5 - Context
from PART II - AFTER CHANGE
Published online by Cambridge University Press: 10 May 2017
Summary
The eventual defeat of the bureaucracy, clear by August 2011, following the early retirement of almost all of the top- ranking commanders of the military in late July in protest at the government, would usher in a new and historic break, to be in full swing within months, from early 2012. To the astonishment of most observers, primarily the domestic liberal intellectuals who supported the transformation for close to a decade and international policy- makers in admiration of the bold steps taken by the government for most of the period, the exercise of power in the new era would proceed to look increasingly like the familiar patterns of political rule just left behind.
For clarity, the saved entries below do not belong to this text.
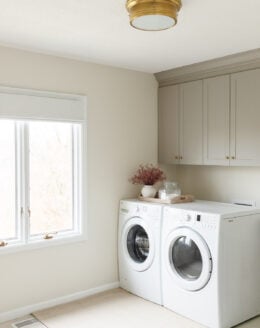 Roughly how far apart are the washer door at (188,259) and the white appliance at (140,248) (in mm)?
168

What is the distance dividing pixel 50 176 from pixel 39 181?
0.13 m

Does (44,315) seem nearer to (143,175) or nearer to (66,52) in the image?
(143,175)

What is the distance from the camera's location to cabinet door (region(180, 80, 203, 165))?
3803 mm

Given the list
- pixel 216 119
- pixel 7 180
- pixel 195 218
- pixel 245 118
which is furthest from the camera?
pixel 216 119

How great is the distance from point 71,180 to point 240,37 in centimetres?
197

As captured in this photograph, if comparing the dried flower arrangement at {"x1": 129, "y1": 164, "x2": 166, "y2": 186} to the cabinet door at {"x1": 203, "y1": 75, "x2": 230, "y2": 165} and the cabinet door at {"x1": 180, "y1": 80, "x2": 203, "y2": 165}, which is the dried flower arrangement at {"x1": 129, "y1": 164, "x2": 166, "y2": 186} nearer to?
the cabinet door at {"x1": 180, "y1": 80, "x2": 203, "y2": 165}

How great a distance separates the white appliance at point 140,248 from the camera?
3.49m

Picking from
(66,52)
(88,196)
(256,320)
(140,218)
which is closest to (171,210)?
(140,218)

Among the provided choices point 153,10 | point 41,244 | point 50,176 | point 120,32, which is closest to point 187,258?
point 41,244

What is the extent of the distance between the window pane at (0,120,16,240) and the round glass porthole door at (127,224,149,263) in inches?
45.7

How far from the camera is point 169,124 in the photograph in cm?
412

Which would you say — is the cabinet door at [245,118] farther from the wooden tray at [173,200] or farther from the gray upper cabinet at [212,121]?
the wooden tray at [173,200]

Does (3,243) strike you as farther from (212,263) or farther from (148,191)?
(212,263)

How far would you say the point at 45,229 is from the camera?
11.4 feet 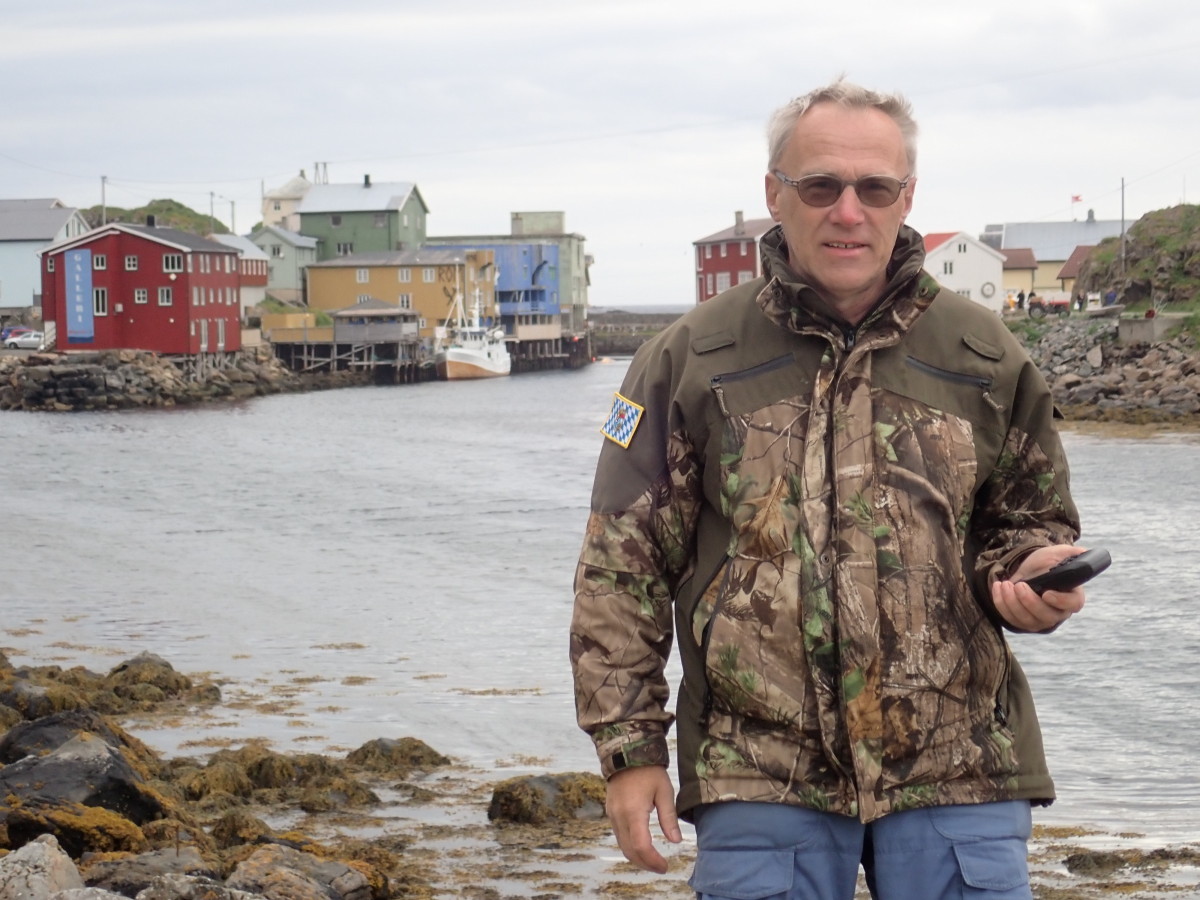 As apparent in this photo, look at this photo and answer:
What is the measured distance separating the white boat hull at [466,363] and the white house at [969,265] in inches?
1005

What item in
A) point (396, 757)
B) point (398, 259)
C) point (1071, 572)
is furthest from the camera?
point (398, 259)

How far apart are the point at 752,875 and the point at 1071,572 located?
2.35 ft

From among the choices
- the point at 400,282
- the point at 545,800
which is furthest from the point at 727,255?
the point at 545,800

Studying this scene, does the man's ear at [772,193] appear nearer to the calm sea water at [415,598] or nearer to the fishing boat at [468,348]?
the calm sea water at [415,598]

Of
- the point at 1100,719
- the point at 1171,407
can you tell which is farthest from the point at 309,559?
the point at 1171,407

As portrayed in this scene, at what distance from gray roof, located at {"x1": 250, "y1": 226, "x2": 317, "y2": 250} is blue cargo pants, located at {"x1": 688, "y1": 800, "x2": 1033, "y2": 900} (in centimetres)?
9289

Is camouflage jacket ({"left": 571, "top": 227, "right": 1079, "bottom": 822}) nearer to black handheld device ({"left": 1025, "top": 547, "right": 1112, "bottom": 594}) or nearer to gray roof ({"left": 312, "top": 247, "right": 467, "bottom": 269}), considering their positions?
black handheld device ({"left": 1025, "top": 547, "right": 1112, "bottom": 594})

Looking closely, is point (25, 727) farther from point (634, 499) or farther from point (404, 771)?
point (634, 499)

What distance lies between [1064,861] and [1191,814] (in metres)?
1.76

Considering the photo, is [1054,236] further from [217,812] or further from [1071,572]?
[1071,572]

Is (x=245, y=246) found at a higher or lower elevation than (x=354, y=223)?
lower

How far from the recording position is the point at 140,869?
16.9ft

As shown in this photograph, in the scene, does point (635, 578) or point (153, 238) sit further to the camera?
point (153, 238)

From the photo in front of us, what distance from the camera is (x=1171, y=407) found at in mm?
40281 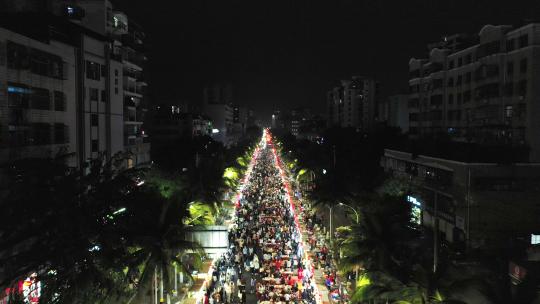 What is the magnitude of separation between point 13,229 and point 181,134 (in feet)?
308

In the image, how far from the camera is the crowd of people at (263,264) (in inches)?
926

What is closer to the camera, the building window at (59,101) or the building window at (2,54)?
the building window at (2,54)

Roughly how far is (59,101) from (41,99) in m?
2.23

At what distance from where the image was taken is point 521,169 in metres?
31.2

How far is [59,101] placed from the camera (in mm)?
25375

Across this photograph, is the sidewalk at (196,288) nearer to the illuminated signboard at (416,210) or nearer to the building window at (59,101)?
the building window at (59,101)

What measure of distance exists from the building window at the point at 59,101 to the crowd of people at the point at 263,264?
1228cm

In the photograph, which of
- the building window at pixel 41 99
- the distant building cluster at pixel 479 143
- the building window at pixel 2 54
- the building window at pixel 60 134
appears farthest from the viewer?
the distant building cluster at pixel 479 143

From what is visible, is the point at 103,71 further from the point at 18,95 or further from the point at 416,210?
the point at 416,210

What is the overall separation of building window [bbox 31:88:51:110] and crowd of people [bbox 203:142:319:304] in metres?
12.2

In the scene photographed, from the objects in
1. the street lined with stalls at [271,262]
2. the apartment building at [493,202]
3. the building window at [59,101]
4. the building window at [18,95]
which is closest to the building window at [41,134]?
the building window at [18,95]

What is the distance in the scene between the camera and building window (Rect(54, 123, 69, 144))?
2502 centimetres

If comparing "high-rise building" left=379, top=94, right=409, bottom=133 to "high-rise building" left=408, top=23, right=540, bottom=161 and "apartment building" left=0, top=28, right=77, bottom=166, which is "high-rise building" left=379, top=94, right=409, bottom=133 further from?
"apartment building" left=0, top=28, right=77, bottom=166

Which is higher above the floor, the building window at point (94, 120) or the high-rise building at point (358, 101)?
the high-rise building at point (358, 101) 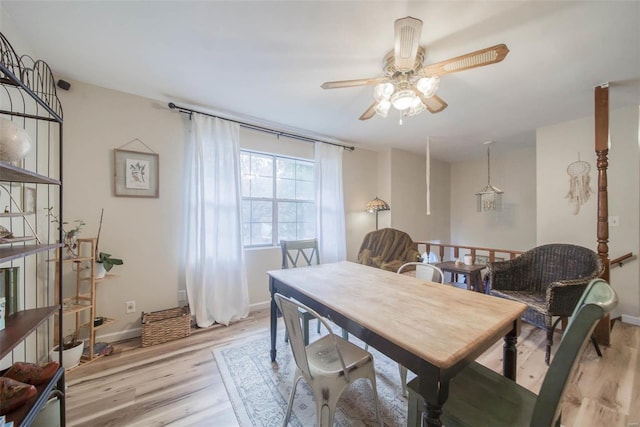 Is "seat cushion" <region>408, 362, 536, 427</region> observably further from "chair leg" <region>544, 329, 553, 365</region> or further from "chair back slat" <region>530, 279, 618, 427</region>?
"chair leg" <region>544, 329, 553, 365</region>

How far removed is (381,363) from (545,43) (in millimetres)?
2636

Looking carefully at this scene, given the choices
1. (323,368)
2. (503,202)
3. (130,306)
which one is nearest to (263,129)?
(130,306)

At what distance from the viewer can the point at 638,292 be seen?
Answer: 8.71ft

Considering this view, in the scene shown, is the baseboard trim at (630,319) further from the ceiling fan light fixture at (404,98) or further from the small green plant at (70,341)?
the small green plant at (70,341)

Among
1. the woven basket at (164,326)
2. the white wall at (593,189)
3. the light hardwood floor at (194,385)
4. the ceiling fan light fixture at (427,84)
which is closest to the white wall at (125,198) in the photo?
the woven basket at (164,326)

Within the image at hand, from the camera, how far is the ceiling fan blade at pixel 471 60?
1254 millimetres

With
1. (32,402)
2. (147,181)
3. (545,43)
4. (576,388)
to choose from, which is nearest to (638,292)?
(576,388)

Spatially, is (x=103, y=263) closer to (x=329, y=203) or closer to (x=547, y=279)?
(x=329, y=203)

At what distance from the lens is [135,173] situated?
2.41m

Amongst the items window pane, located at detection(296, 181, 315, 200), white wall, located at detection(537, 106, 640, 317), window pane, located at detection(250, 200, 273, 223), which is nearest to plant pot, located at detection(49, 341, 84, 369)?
window pane, located at detection(250, 200, 273, 223)

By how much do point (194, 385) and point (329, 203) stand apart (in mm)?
2613

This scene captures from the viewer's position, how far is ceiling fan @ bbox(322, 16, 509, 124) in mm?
1296

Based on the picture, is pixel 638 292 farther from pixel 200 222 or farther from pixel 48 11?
pixel 48 11

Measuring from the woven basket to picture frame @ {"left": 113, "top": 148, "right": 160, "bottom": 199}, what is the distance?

A noted secular intellectual, and one of the few who would remain loyal to the earlier broad alliance of democrats behind the government, would readily concede this uncanny turn of events in the wake of the old regime, arguing nevertheless that the new order, which he would consider as nothing less than the upshot of a ‘popular rebellion’, was not yet fully in place. Accordingly, the shift still in progress was effectively forcing the administration temporarily to sideline the rule of law. The ‘law’ under the new regime still functioned, he would argue, ‘in favour of the [republican] minority that ruled until recently’, thus remaining ‘open to abuses’ by those who continued to resist the change. He would later state, extending almost a carte blanche to the government in disregard of the law and of basic democratic principles locally: ‘An exercise that is democratic by universal standards can produce rather anti- democratic results depending on the unique conditions of a country such as Turkey.’ This frame of mind appeared to be simply another mimetic extension, reproducing the argument put forward by the republican apologists for decades, namely an exceptionalism in outlook, justified by the purportedly extraordinary, if impermanent, circumstances prompted by the change (see Chapter 1). That is, the admittedly fettered democracy at work from the inception of modern Turkey, with the political participation and the basic rights somewhat curbed, was on the whole nothing other than an imperative dictated by the radical transition in the aftermath of the multi- ethnic and semi- Islamic Ottoman polity.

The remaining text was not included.